Quantifying Long Range Dependence in Language and User Behavior to improve RNNs
This addresses the need for better modeling of long-range correlations in sequential data for applications like language understanding and recommendation systems, though it is incremental as it builds on existing LRD theory.
The paper tackled the problem of quantifying Long Range Dependence (LRD) in language and user behavior sequences, proposing a scalable estimation method that led to new RNN designs achieving state-of-the-art results with reduced computational cost.

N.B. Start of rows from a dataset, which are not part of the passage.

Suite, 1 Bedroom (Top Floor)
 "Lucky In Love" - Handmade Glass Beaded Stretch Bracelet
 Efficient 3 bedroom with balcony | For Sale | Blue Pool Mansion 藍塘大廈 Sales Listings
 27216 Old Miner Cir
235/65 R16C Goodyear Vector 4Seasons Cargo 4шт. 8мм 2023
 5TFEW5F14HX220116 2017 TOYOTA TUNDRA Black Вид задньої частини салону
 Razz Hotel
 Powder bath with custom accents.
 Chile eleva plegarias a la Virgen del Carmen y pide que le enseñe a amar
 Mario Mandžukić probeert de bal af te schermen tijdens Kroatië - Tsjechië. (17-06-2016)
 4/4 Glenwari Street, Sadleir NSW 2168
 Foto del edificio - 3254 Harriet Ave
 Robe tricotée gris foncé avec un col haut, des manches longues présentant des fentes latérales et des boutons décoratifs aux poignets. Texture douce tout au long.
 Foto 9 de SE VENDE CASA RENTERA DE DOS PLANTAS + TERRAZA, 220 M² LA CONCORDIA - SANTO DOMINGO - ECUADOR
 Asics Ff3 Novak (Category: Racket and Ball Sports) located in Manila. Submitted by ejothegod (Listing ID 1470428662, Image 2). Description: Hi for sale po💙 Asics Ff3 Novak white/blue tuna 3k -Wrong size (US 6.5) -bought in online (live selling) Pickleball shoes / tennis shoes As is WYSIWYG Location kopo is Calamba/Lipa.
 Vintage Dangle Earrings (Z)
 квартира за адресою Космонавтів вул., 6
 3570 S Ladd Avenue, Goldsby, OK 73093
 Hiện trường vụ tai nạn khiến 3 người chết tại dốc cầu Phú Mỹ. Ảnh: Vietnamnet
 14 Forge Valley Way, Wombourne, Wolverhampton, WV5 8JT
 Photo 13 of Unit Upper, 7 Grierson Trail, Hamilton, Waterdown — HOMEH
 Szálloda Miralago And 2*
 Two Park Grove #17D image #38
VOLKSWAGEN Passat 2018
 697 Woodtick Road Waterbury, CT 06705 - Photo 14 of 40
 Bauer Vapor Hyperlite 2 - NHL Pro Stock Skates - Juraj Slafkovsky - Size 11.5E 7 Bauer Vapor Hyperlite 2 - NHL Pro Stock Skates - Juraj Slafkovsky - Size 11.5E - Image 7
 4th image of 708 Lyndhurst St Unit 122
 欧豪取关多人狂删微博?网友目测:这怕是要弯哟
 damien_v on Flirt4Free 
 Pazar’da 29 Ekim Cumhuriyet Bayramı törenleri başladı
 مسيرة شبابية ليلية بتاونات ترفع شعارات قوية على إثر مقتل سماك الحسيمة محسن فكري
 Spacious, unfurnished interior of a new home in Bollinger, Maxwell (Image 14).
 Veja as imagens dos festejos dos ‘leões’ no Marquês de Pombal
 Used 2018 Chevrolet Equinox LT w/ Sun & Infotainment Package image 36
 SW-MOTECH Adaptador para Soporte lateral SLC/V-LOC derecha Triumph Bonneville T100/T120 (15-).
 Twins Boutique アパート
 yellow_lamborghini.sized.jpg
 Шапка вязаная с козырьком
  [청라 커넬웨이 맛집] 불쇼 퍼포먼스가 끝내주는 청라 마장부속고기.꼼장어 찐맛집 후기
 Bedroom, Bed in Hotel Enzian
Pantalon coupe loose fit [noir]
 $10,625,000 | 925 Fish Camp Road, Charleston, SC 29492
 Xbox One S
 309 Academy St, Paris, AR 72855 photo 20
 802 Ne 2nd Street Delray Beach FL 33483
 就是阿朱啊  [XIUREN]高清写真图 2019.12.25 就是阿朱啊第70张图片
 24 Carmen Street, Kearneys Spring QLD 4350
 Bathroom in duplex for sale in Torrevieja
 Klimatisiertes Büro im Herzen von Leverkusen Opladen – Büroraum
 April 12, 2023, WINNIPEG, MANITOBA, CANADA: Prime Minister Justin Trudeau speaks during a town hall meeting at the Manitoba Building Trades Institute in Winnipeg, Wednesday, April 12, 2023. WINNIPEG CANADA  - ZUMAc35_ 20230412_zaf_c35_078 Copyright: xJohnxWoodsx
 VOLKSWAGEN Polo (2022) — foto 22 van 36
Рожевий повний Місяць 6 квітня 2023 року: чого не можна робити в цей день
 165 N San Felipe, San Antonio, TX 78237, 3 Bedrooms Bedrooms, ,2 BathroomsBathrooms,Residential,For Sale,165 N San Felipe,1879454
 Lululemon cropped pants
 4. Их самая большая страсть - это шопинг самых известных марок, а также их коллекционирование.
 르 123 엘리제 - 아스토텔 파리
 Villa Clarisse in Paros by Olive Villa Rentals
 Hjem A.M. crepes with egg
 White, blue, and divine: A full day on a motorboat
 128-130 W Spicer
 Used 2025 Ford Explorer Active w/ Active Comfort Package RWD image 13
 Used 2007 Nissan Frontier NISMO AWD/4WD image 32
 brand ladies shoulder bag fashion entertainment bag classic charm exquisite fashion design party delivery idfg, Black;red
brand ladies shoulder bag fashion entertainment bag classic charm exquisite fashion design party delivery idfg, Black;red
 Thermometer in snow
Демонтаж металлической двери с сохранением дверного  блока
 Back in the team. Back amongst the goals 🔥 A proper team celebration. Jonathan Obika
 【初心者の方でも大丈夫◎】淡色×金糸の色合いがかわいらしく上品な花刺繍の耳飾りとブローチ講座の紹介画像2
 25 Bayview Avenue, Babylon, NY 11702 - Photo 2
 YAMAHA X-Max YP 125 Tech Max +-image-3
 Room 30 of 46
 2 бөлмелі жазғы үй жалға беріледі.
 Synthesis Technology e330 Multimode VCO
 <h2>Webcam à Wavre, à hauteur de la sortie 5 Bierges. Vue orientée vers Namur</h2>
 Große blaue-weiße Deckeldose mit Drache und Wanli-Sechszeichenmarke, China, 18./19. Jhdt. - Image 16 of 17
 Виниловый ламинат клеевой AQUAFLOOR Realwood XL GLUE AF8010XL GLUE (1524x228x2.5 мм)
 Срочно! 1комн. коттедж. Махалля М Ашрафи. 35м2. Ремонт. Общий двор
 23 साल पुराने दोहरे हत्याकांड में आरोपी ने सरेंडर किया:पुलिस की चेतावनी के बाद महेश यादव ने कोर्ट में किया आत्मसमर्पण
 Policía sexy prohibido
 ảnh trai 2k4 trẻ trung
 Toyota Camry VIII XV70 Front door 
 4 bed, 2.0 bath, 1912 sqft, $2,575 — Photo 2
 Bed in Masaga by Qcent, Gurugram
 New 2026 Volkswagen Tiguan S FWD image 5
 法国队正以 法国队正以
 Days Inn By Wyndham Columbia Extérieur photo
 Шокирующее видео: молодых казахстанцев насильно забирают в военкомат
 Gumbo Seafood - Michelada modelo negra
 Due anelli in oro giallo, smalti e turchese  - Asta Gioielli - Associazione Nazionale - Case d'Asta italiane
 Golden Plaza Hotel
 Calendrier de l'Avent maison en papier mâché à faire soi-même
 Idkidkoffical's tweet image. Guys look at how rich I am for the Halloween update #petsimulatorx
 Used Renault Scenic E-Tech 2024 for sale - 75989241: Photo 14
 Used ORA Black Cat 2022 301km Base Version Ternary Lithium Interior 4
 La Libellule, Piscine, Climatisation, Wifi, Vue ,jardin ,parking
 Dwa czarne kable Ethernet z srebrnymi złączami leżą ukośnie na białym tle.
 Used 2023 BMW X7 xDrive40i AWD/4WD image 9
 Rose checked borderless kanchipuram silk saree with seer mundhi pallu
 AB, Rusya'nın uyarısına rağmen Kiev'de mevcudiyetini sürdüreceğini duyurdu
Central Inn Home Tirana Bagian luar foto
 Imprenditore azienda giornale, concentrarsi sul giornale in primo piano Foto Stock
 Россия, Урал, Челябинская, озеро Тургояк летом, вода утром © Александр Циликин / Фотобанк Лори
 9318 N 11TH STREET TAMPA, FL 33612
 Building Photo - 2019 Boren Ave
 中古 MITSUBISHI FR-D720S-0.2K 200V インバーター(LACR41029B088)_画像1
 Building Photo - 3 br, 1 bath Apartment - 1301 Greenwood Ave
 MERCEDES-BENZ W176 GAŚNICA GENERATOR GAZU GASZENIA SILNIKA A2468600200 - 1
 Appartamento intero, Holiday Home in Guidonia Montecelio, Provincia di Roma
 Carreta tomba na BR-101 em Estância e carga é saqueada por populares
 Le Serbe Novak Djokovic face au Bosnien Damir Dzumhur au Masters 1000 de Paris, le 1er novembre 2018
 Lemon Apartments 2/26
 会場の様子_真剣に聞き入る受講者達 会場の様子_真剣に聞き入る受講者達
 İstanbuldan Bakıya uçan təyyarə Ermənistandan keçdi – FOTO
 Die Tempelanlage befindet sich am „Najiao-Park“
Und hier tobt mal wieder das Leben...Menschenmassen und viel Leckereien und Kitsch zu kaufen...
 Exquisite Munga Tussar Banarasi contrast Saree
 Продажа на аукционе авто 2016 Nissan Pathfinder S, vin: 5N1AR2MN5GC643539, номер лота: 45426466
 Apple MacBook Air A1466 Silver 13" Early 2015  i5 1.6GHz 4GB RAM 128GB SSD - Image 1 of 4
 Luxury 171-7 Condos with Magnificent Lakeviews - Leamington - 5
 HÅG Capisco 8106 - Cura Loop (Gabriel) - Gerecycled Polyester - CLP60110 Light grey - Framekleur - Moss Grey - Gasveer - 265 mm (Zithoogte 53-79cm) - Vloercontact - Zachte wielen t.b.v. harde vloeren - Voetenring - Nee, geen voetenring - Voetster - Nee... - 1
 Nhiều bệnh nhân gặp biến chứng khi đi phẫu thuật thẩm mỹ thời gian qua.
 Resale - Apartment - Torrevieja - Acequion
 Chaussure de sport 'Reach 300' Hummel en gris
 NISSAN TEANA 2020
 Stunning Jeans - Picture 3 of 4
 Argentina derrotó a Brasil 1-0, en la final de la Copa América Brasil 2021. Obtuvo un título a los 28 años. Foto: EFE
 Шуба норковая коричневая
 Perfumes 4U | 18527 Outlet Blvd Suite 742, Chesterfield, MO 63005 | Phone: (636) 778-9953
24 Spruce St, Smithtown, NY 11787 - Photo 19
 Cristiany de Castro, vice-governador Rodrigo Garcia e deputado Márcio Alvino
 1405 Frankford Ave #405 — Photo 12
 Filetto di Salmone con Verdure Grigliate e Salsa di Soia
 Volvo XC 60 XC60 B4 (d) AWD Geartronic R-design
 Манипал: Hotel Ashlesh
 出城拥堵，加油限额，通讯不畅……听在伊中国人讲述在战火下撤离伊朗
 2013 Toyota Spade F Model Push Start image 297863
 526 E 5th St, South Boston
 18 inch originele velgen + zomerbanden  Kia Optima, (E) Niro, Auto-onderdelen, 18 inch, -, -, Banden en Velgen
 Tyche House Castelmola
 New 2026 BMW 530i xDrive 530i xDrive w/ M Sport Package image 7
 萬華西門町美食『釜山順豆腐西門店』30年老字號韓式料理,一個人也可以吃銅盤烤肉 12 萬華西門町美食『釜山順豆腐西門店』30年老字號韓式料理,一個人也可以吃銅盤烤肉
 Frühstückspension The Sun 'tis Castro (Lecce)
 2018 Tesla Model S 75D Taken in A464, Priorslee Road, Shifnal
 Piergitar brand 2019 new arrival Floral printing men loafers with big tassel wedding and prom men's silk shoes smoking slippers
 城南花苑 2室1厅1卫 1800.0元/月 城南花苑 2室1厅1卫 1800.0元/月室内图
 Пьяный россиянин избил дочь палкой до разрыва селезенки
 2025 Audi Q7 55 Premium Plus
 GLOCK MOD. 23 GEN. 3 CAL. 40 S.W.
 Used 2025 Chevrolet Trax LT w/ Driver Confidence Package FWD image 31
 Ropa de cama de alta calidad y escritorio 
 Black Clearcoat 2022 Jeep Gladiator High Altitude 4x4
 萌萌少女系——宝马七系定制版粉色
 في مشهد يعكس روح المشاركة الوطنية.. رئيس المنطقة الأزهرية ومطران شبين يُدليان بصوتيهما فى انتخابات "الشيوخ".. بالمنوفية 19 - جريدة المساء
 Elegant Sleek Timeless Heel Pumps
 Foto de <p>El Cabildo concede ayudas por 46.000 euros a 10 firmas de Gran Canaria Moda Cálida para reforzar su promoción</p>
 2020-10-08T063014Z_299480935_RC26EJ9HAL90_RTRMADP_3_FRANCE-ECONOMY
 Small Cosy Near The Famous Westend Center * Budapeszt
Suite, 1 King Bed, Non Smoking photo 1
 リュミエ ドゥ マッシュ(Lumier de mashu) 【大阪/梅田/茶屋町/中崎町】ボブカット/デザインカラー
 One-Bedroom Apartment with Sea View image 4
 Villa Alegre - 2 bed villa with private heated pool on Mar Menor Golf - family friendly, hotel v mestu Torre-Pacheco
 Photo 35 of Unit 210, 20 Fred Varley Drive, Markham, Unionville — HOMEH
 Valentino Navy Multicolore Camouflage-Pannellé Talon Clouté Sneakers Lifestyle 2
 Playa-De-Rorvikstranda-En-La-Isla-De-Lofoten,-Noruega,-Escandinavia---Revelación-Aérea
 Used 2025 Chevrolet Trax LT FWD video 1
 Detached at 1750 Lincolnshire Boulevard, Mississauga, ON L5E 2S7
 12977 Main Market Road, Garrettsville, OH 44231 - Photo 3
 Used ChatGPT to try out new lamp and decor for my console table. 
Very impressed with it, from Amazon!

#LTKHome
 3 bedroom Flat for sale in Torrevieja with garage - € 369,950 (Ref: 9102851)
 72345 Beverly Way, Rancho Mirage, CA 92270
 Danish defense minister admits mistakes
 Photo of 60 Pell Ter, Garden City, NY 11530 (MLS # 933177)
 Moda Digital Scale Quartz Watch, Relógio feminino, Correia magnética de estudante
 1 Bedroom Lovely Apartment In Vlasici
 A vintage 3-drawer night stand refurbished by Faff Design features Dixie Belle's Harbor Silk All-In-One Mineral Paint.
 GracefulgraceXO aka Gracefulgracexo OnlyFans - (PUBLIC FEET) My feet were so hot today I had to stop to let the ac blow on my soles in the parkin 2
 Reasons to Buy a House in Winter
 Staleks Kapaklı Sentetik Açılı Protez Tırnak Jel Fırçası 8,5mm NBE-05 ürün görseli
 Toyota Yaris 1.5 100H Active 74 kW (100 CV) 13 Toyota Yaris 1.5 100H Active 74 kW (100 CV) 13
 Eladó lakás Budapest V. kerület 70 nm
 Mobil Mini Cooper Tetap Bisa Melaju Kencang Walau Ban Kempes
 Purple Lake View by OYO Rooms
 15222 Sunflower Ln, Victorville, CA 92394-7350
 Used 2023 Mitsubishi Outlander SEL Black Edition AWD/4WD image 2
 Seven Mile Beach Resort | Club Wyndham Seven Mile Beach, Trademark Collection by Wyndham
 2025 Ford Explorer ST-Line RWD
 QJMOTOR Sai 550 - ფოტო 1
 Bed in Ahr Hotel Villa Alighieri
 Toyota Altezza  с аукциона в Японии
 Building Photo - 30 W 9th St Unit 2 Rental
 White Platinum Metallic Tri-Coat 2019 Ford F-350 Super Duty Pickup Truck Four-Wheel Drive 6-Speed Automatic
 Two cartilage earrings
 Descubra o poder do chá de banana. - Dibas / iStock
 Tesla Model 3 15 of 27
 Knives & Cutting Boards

Characterizing temporal dependence patterns is a critical step in understanding the statistical properties of sequential data. Long Range Dependence (LRD) --- referring to long-range correlations decaying as a power law rather than exponentially w.r.t. distance --- demands a different set of tools for modeling the underlying dynamics of the sequential data. While it has been widely conjectured that LRD is present in language modeling and sequential recommendation, the amount of LRD in the corresponding sequential datasets has not yet been quantified in a scalable and model-independent manner. We propose a principled estimation procedure of LRD in sequential datasets based on established LRD theory for real-valued time series and apply it to sequences of symbols with million-item-scale dictionaries. In our measurements, the procedure estimates reliably the LRD in the behavior of users as they write Wikipedia articles and as they interact with YouTube. We further show that measuring LRD better informs modeling decisions in particular for RNNs whose ability to capture LRD is still an active area of research. The quantitative measure informs new Evolutive Recurrent Neural Networks (EvolutiveRNNs) designs, leading to state-of-the-art results on language understanding and sequential recommendation tasks at a fraction of the computational cost.